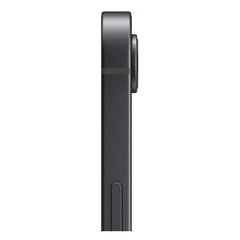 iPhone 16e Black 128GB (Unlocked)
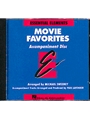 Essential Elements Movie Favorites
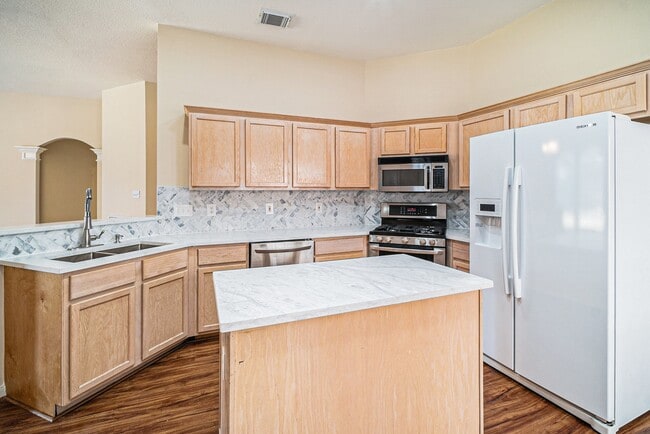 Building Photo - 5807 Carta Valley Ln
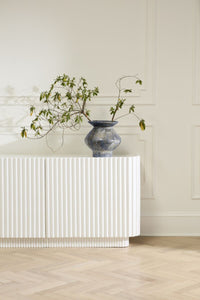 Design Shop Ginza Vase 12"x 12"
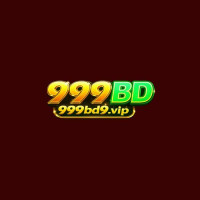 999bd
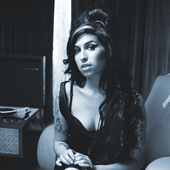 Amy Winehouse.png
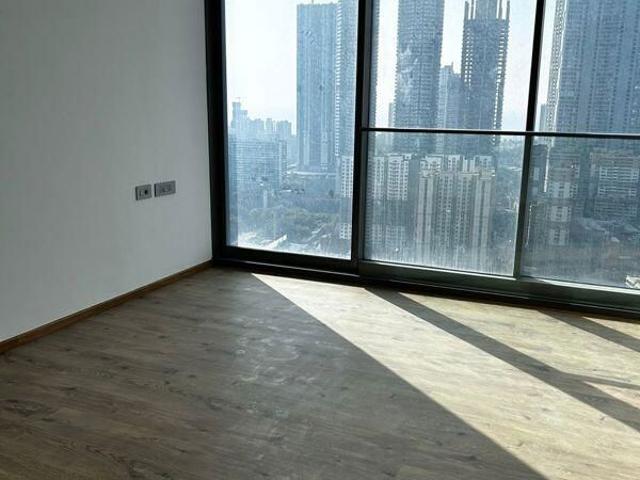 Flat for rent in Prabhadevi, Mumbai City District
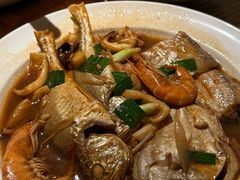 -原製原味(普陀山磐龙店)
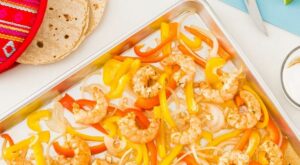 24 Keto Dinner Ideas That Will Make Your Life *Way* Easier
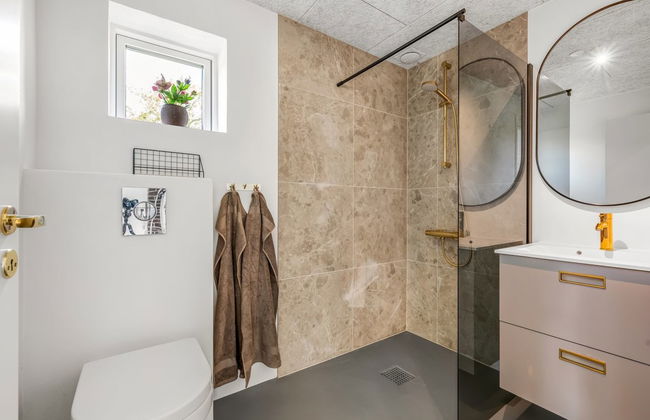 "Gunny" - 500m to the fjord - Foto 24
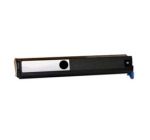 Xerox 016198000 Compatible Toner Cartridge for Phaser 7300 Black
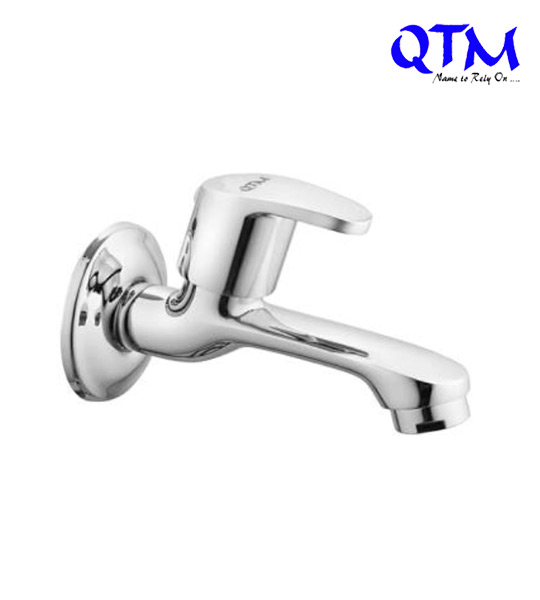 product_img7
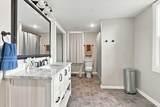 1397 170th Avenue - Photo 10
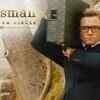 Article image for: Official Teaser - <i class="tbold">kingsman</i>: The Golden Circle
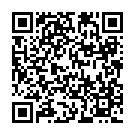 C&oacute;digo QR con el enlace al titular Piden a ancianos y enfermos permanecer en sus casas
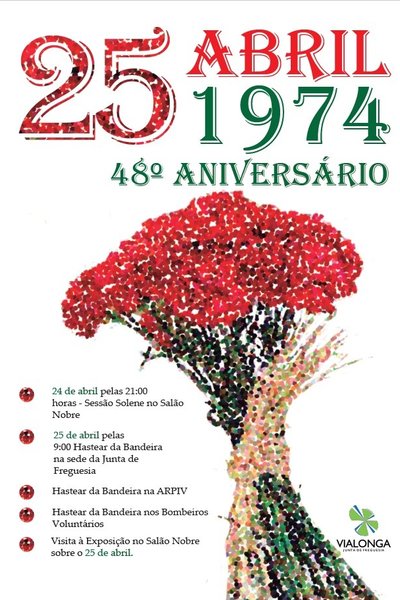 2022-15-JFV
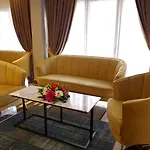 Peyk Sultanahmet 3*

**Aim of the exercise:** Look through the material above. Transcribe exactly the lines between the ones with "Essential Elements Movie Favorites" and "fjord - Foto 24", inclusive, and keep pictures out.

**Reply:**
 Essential Elements Movie Favorites
 Building Photo - 5807 Carta Valley Ln
 Design Shop Ginza Vase 12"x 12"
 999bd
 Amy Winehouse.png
 Flat for rent in Prabhadevi, Mumbai City District
 -原製原味(普陀山磐龙店)
 24 Keto Dinner Ideas That Will Make Your Life *Way* Easier
 "Gunny" - 500m to the fjord - Foto 24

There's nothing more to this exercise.